To Ngoc Van, 1942 « The Young Woman » or the certainty of truth
When To Ngoc Van painted this picture, he was 36 years old and had an accomplished social life: a graduate of the Hanoi School of Fine Arts, his native city, in 1931, a multi-prize-winning artist, a former Director of the Phnom Penh School of Fine Arts (1935-38) and then a professor at the Hanoi School of Fine Arts of Hanoi.
That same year, 1942, he created the FARTA (Foyer de l’Art Annamite) with Lé Van Dé, Tran Van Can, Luong Xuan Nhi, Nguyen Khang and Georges Khanh. An autonomous place where artists could exhibit their works and confront their ideas. This approach took up the ideology of the nationalist literary group founded in 1932, the Tu Luc Van Doan.To Ngoc Van was not one of the seven founding members (Nguyen Gia Tri was), but he actively participated in the periodicals Phong Hoà (Morals) and Ngay Nay (Today), both of which supported the group. To advocate the modernization of Vietnamese society, culture and literature, such was the ambition of the movement. This implies “Recognizing the role of women in society” as stated in point 6 of the “Ten precepts to ponder” of a movement that also fought against a Confucianism that it considered obsolete.

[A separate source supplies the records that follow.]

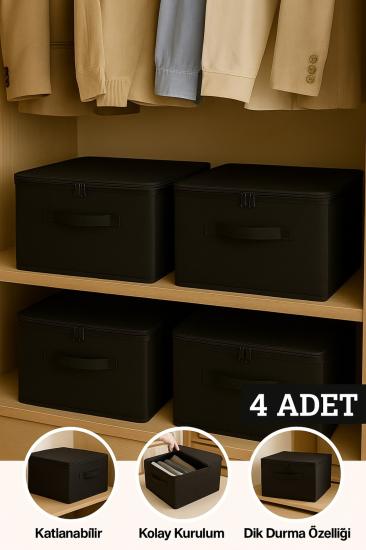 4 lü Destekli Hurç Büyük Boy Siyah Renk – Fermuarlı Katlanabilir Saklama ve Düzenleme Kutusu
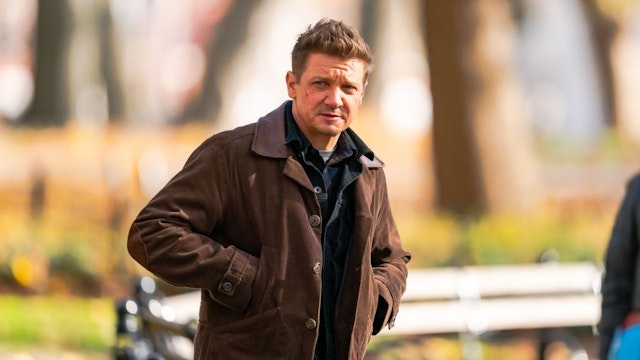 NEW YORK, NEW YORK - DECEMBER 03: Jeremy Renner is seen filming "Hawkeye" in Washington Square Park on December 03, 2020 in New York City. (Photo by Gotham/GC Images)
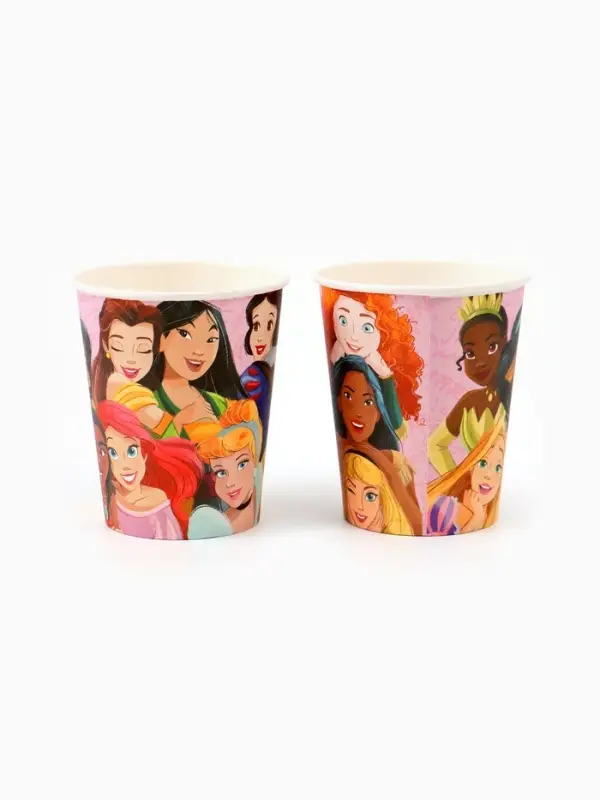 Посуда одноразовая бумажная на 10 персон: стаканы, тарелки, скатерть, Принцессы Посуда одноразовая бумажная на 10 персон: стаканы, тарелки, скатерть, Принцессы
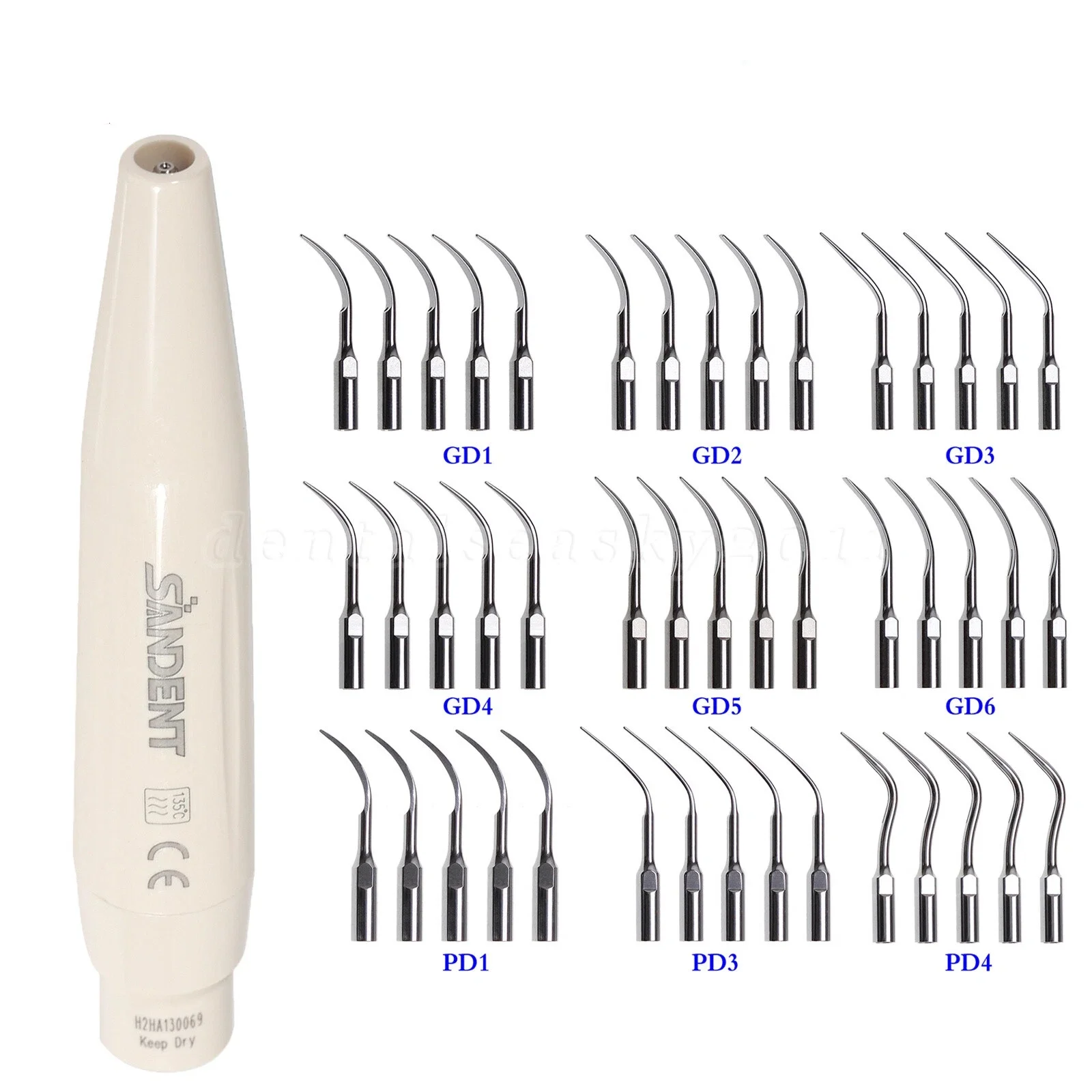 

Dental Ultrasonic Piezo Scaler Handpiece /5pc Tips Scaling Compatible With DTE SATELEC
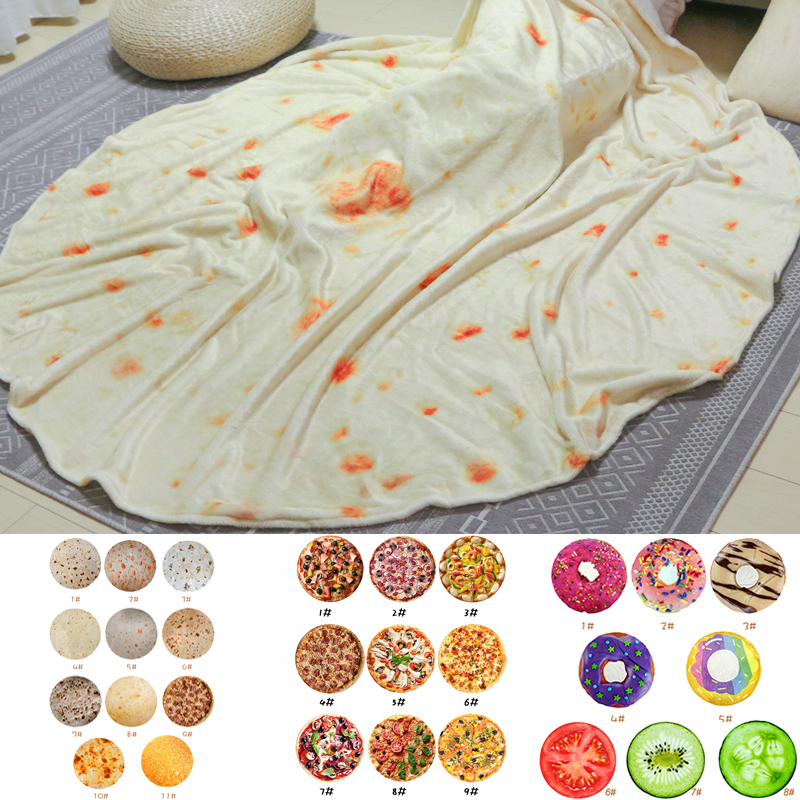 

120/150/180cm Round Throw Blankets Burrito Blankets Tortilla Cross-border Hot Sale Pancake Blanket Flannel Blanket Drop shipping XD24321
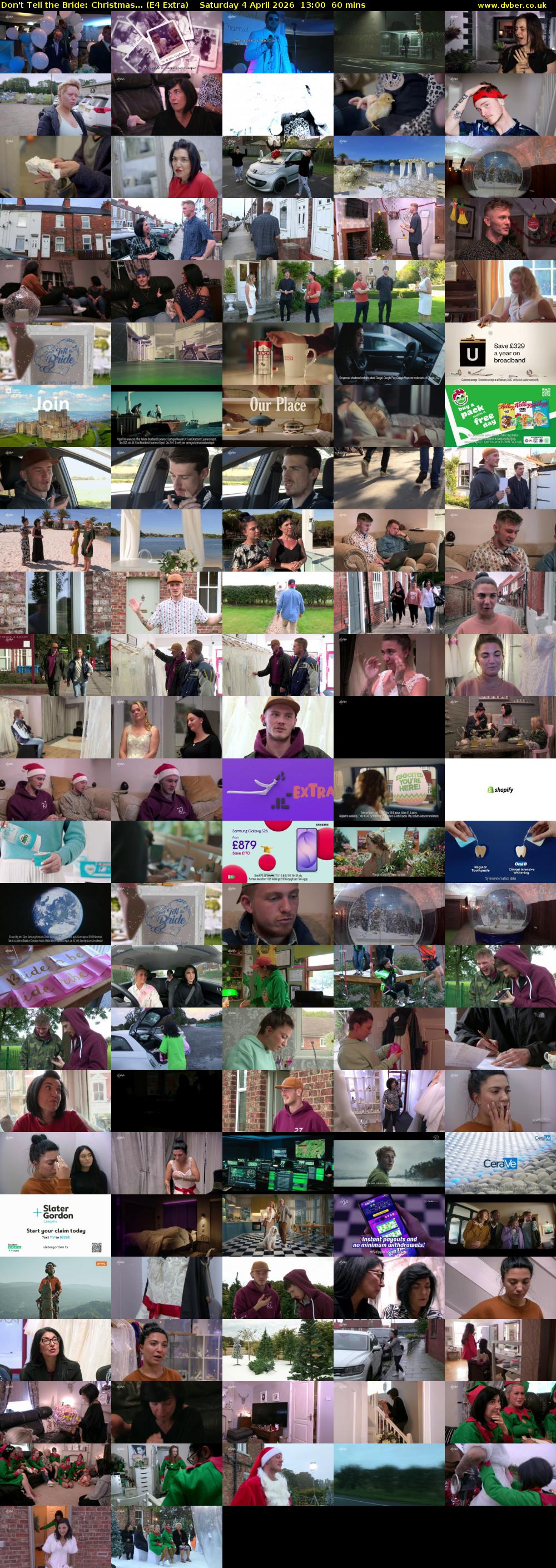 Don't Tell the Bride: Christmas... (E4 Extra) Saturday 4 April 2026 13:00 - 14:00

The appropriation of Western concepts should allow for the regeneration of the Vietnamese nation and then later for its independence.
Our oil on canvas (73 x 54 cm) testifies to this homage-promotion To Ngoc Van makes to Vietnamese woman: her modern ao dai, her tonkinese hairstyle, her make-up, her swaying pose, the hands just sketched are already pictorial classics in 1942. Her posture, defying the Confucian submission and the requirement that one reads in her look are innovative. The vegetal and floral background dominated by a deep green dotted with pink, yellow and white touches vivifies the beautiful Hanoian.
Five years later, To Ngoc Van, the patriot, left Hanoi for the Viet Bac maquis. There, he exercised multiple responsibilities in the fight for independence. But the patriot did not erase the artist: in an article dated July 1, 1947, he opposed art and propaganda and (re)affirmed that the first had an eternal value, the second a momentary interest. In 1949, in another article (“Should we or should we not study?”) he will deny to the masses the faculty to criticize the artists because they do not have the necessary qualification, for lack of study(s)… Nguyen Dinh Thi (1924-2003) will counter him in a great debate (September 25-28, 1949) in the Viet Bac.
End of ban…
Later, in 1953, To Ngoc Van was sent for re-education in the village of Ninh Dhan near Phu To.
To Ngoc Van produced few works (except for numerous drawings) and this one is exceptional. Bought directly from the artist by Léon Lipschutz, attorney of the Banque Franco-Chinoise in Hanoi, our painting was brought back to France in 1946. It kept its original 1940’s frame .
An exceptional artist, skilled in all techniques as evidenced by “Les désabusées” (on silk) from the Tuan Pham collection, To Ngoc Van was a great humanist, one of those who seek the certainty of truth, against the violence of thought.